As histórias contidas nas crônicas drummondianas passeiam por vários cenários da cidade do Rio de janeiro, lugar do qual o poeta – embora mineiro – conhecia variados caminhos e desvãos.
Um dos personagens mais efetivos do Drummond cronista, por exemplo – que poderia inclusive ser definido como espécie de alter ego da personalidade lírica do Drummond poeta –, é morador de cobiçada e decadente casa em Botafogo. Em Caminhos de João Brandão, conjunto de crônicas escritas ali por volta de 1967-1968, esse ‘animal incômodo’ que intitula as crônicas vai fazer sua estreia. E, em Fala, amendoeira protagonizará bizarro e kafkiano episódio em que ratos enormes infestam e dominam seu casarão:
“João Brandão, morador em Botafogo, não pretendendo incomodar (…) órgão federal, dispôs-se a dar caça direta aos murídeos que lhe infestam o domicílio — uma casa meio antiga, que desperta a gula dos especuladores de imóveis.”
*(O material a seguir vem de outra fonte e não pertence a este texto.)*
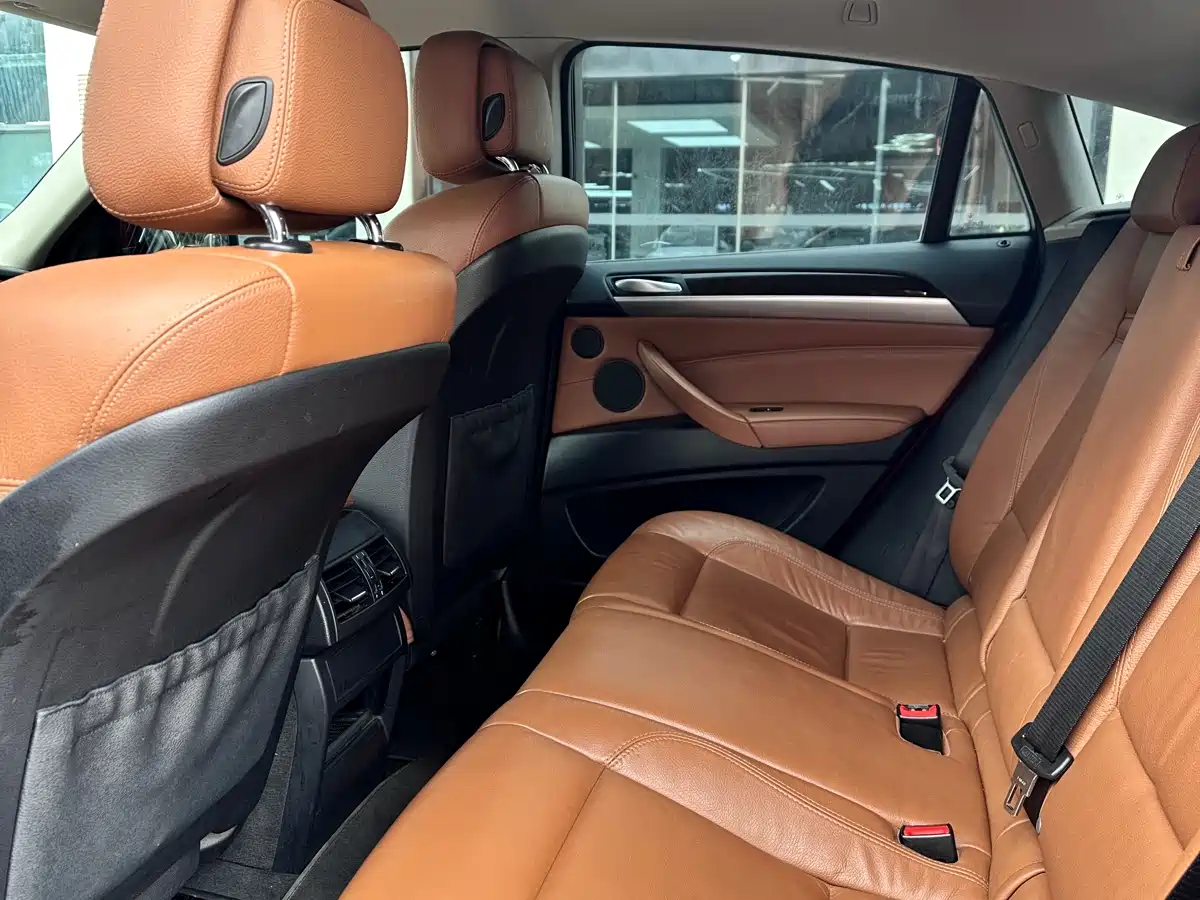 BMW X6 2014 xDrive35i Sport фото 6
É nesse local onde nosso personagem dedicará seu tempo a perseguir e matar ratos:
“Os ratos passaram-lhe entre as pernas, e João quase fraturou uma, pois já lhe faltam o viço e maleabilidade da juventude. (…) Escapou de ser ferrado na panturrilha por um ratão mais assustador do que assustado, e a agressão só não se consumou porque agressor e agredido, afinal, fugiram desabaladamente um do outro.”
Há uma metáfora extremamente irônica que permeia a ideia dos ratos carcomendo patrimônios. Bem atual, não por acaso, no país das ratazanas:
“Falhou também a tentativa original de atrair os bichos para o fogão, ligar o gás e torrá-los. O gás anda fraquíssimo.”
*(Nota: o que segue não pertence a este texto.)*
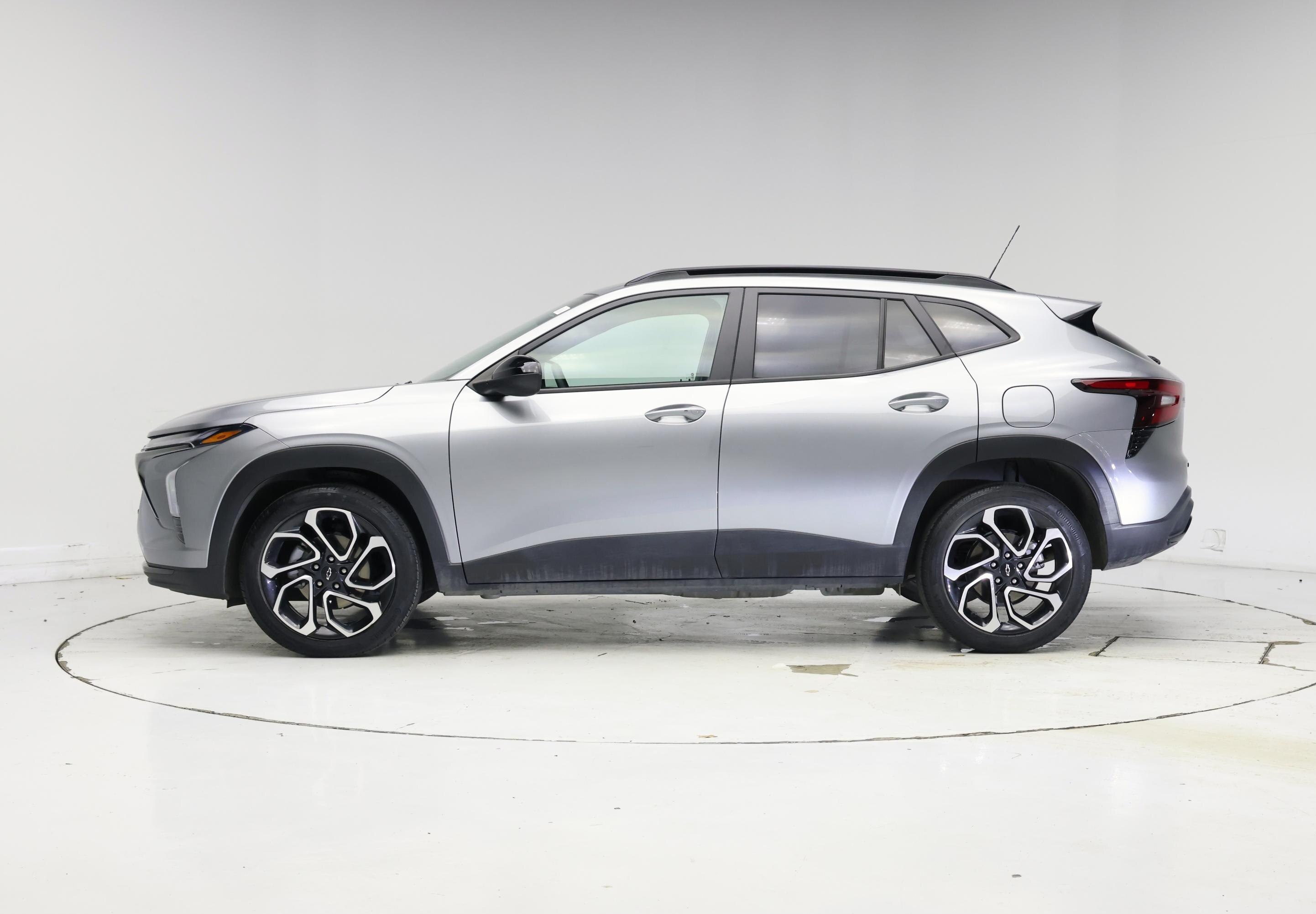 Thumbnail: 2025 Chevrolet Trax - 3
E a resignação sobrepõe-se às utópicas e fracassadas tentativas:
“João verificou que não há remédio nem jeito contra rato (…) Dentro de cada nação, porém, e no estado atual dos conhecimentos humanos, a eliminação dos ratos é utópica.”
A lembrança da morte de Drummond pode não passar de simples efeméride no relicário da memória, porém o que não se pode é lembrar como algo corriqueiro a ideia de roedores que promovem a decadência de um bairro e de um país inteiro.
Ainda que se tenha de com ratos conviver – e tolerá-los por imposição do momento –, assim como um João Brandão qualquer, a vingança é deixá-los roer na paz, até que roam a si mesmos:
“(…) não digo a estimá-los, mas a aceitá-los, o que é quase compreendê-los. (…)São escarninhos e vingativos, mas, deixados em paz, roem em paz.”